--- Task brief ---
Copy out each line of the data that includes the string "what".

--- Data to examine ---
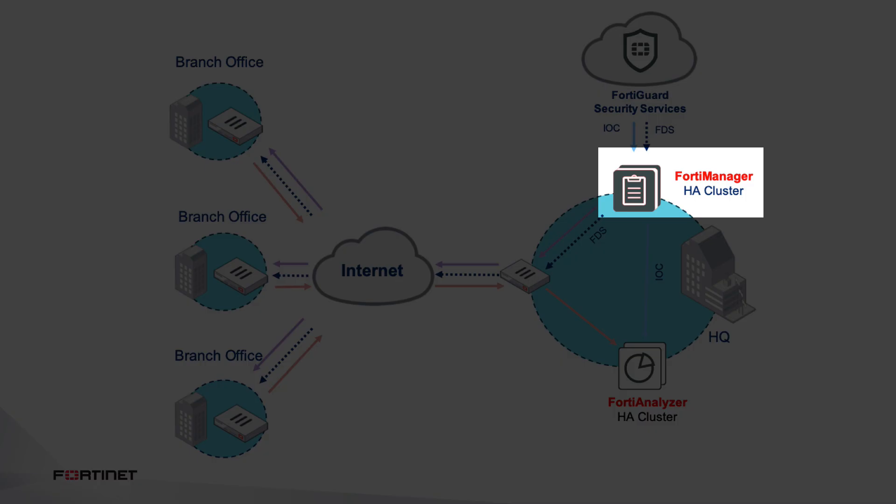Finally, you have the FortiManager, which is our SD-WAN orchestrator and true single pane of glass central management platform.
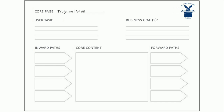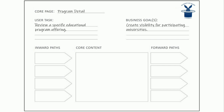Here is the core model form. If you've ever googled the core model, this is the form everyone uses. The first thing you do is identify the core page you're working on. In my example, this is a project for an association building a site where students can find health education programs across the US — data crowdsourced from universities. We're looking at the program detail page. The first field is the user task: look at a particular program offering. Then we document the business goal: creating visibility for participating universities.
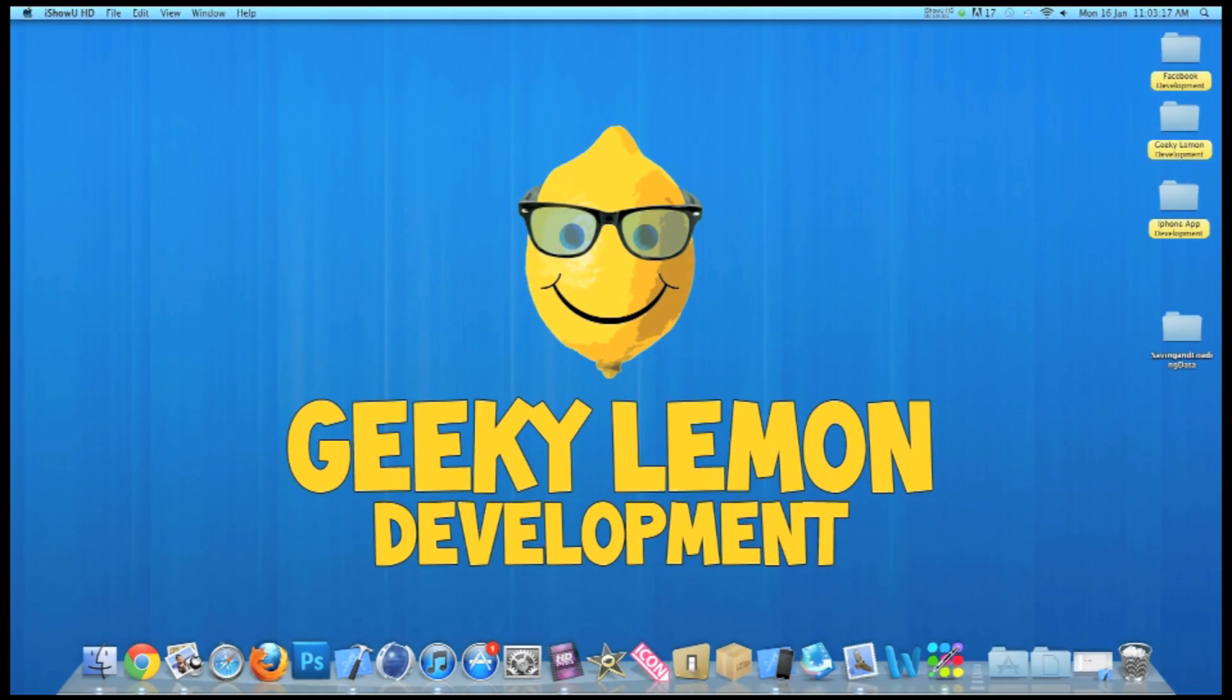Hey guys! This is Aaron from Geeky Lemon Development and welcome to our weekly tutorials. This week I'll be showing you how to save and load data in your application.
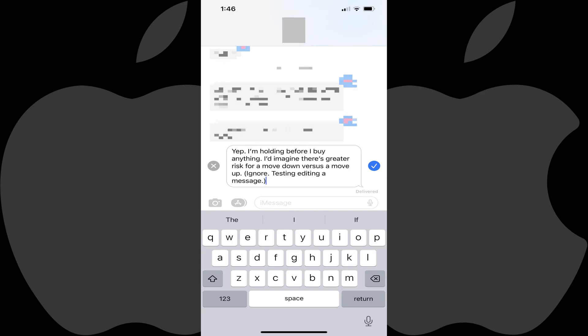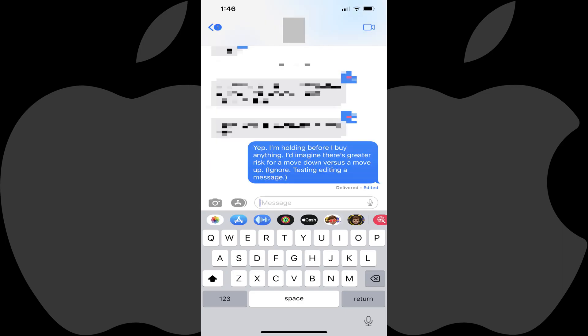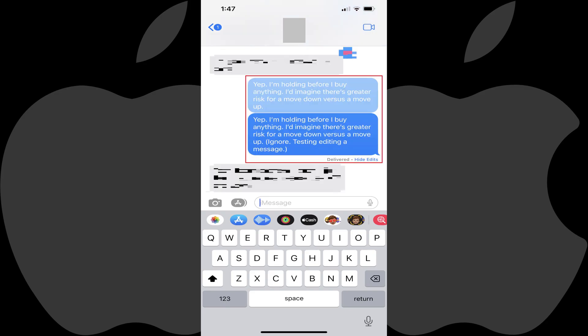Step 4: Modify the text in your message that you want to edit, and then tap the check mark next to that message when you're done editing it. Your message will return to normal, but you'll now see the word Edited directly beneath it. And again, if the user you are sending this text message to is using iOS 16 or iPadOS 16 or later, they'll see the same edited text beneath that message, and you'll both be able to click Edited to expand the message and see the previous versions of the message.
* * *
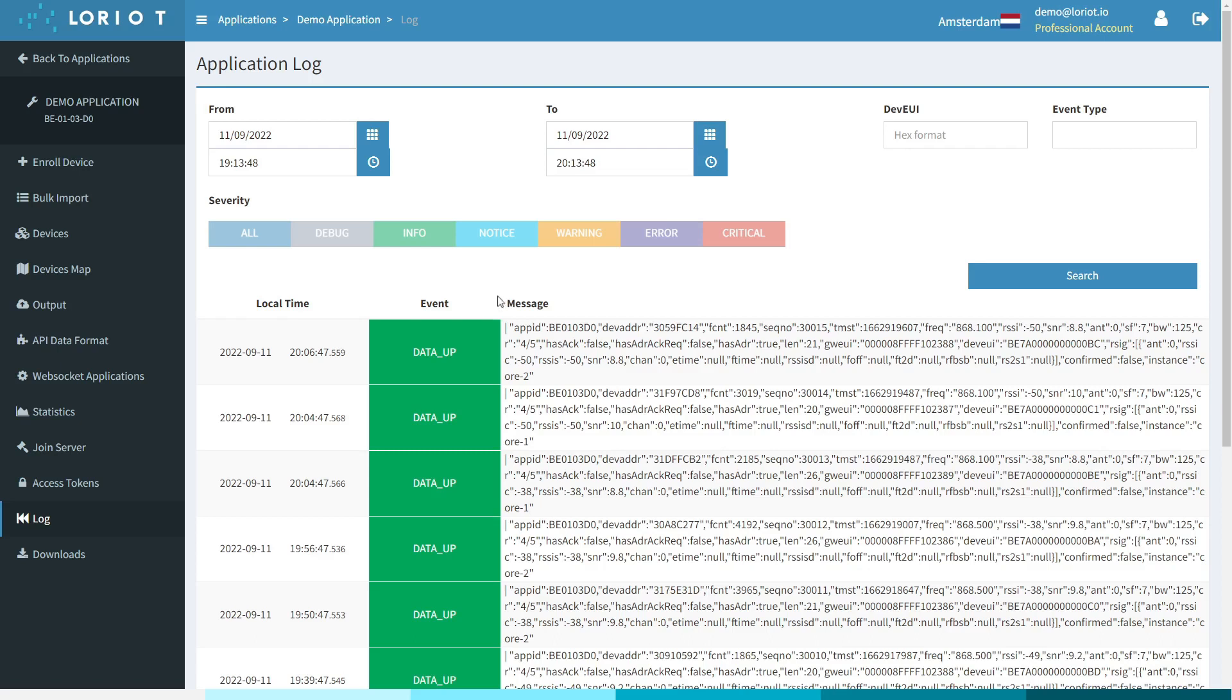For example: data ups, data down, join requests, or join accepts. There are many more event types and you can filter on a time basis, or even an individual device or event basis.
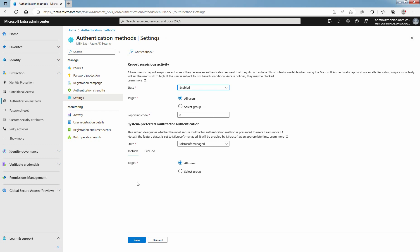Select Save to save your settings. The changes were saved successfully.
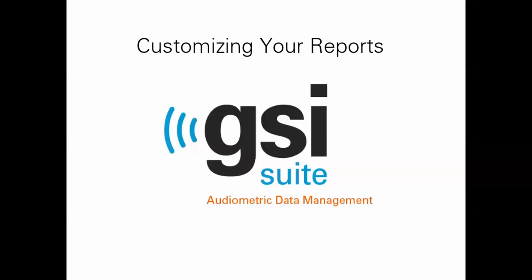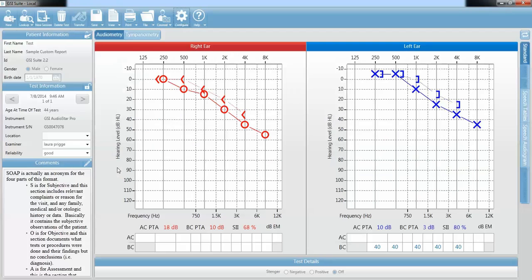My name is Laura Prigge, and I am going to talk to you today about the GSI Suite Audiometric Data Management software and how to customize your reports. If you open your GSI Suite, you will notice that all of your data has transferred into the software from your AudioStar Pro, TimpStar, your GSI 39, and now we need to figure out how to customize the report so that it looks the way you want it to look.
...
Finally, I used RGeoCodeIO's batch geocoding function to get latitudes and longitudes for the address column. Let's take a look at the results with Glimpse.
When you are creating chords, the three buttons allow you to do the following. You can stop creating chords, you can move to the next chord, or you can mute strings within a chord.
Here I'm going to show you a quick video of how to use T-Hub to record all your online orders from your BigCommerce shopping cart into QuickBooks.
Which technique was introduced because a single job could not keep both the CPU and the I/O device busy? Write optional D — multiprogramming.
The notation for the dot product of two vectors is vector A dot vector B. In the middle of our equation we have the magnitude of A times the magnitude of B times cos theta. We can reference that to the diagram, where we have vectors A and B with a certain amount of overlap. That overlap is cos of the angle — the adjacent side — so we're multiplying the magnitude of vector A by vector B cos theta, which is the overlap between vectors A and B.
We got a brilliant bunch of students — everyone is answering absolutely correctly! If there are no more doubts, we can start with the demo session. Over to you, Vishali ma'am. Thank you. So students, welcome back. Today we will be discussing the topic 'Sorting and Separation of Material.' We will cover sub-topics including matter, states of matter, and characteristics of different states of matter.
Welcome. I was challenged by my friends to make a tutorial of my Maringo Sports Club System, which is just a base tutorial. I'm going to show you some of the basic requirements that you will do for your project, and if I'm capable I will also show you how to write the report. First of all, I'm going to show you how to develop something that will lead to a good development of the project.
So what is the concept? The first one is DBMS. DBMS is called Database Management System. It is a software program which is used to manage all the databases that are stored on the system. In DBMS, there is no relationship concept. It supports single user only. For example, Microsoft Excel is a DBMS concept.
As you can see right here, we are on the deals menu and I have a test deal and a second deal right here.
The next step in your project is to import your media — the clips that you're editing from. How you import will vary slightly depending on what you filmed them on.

--- Expected output ---
So what is the concept? The first one is DBMS. DBMS is called Database Management System. It is a software program which is used to manage all the databases that are stored on the system. In DBMS, there is no relationship concept. It supports single user only. For example, Microsoft Excel is a DBMS concept.
The next step in your project is to import your media — the clips that you're editing from. How you import will vary slightly depending on what you filmed them on.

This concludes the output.